Dass er mit dem Schlecken beschwichtigt kann schon auch sein, er hat einfach Angst vor so vielen Sachen...




Also was Einzelkind sagt ist auch ungefähr das, was Rütter gelehrt hat. Wie wäre es mit völlig ignorieren, damit sie der Situation nicht mehr so viel Beachtung schenkt (also nur wenn du grade heim kommst). Und zu Beginn mal extra oft "heim kommen", damit der Hund nicht so sensibel darauf reagiert. Und bei den Angstsituationen denke ich, dass du ihn einfach langsam an alles gewöhnen musst...
Aber bis dahin musst du wohl putzen-.-




Ignorieren und putzen tu ich eh schon... Denn in den Situationen wo er vor Angst gepinkelt hatte hat er sich nach dem Pinkeln auch gleich noch geduckt. Wer weiß wie da drauf reagiert worden ist.

Ha, extra oft heimkommen das lässt sich super gut machen. Vor allem da ich die nächsten drei Tage frei habe...

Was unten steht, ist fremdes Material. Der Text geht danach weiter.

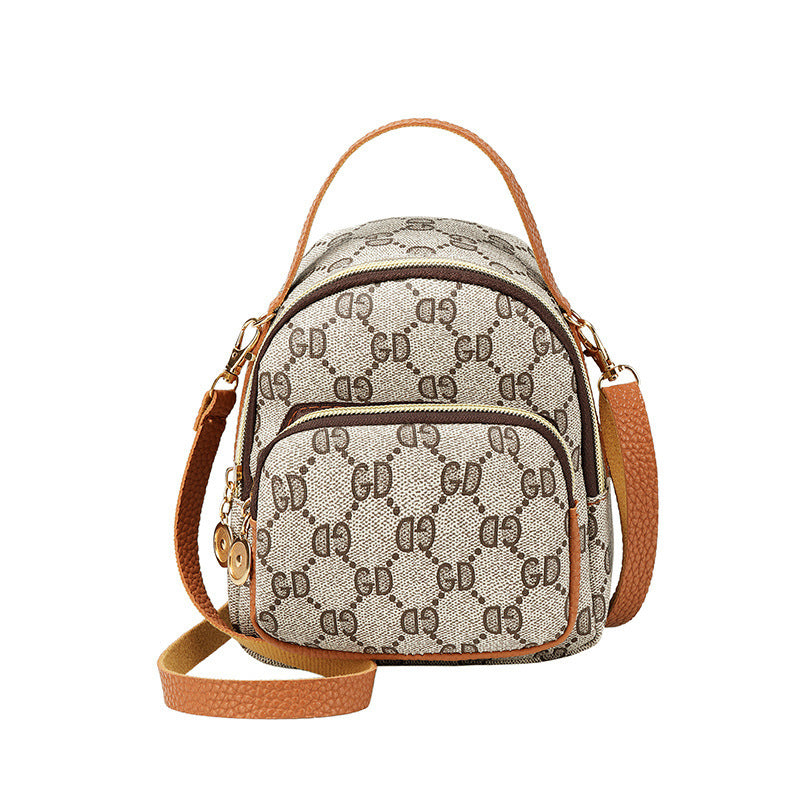 Personality Bags - Casual Plaid Backpack Portable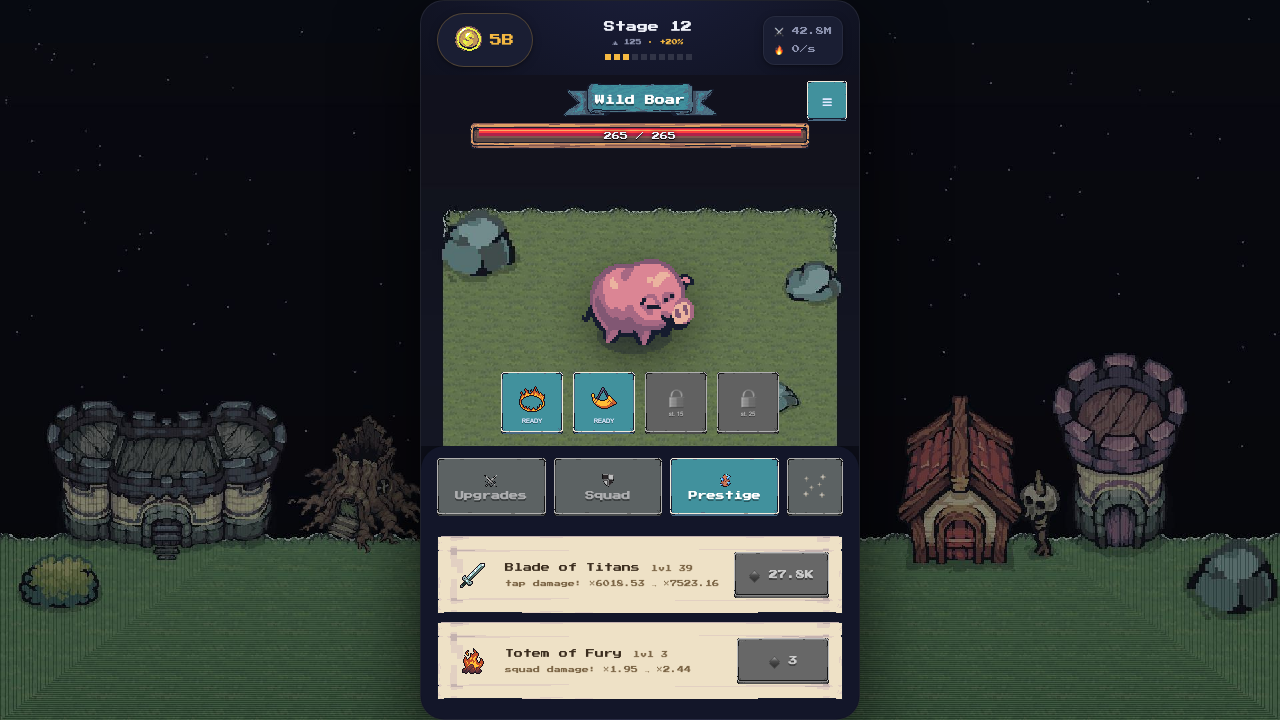 «Tap Legends» - fantasy clicker — screenshot 1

Ich würd ihn eher auf den Platz schicken, wirklich.
Er soll dort entspannen und runterkommen. Wenn er die ganze Zeit um dich rumhuscht, springt, tut und macht, dann kommt er nicht runter von seinem Stresslevel, sondern steigert sich eher noch mehr herein, was dann wieder kontraproduktiv ist und er halt später pinkelt, wenn du ihn auch nur flüchtig anschaust. smilie_24.gif

Ich sprech aus Erfahrung.




Lässt sich ja auch kombinieren. Wenn er aufdreht bei der Begrüßung schick ich ihn auf den Platz. (Mach ich mit Maya auch, die kann so ausflippen...)
Gleichzeitig gehe und komme ich einfach öfter damit es nichts Besonderes ist.




Noch eine Anmerkung.
Wenn Du Heim kommst, Deinen Hund auf seinen Platz verweist, dann wars das schon mit ignorieren. Dann hast Du ihn nämlich schon bestätigt.

Also Ignorieren, und zwar nur das. Keine Ansprache, kein Blickkontakt. Wird zwar dann nicht von heute auf morgen besser, aber innerhalb kürzester Zeit wird der Hund das Heimkomm-Ritual verknüpft haben.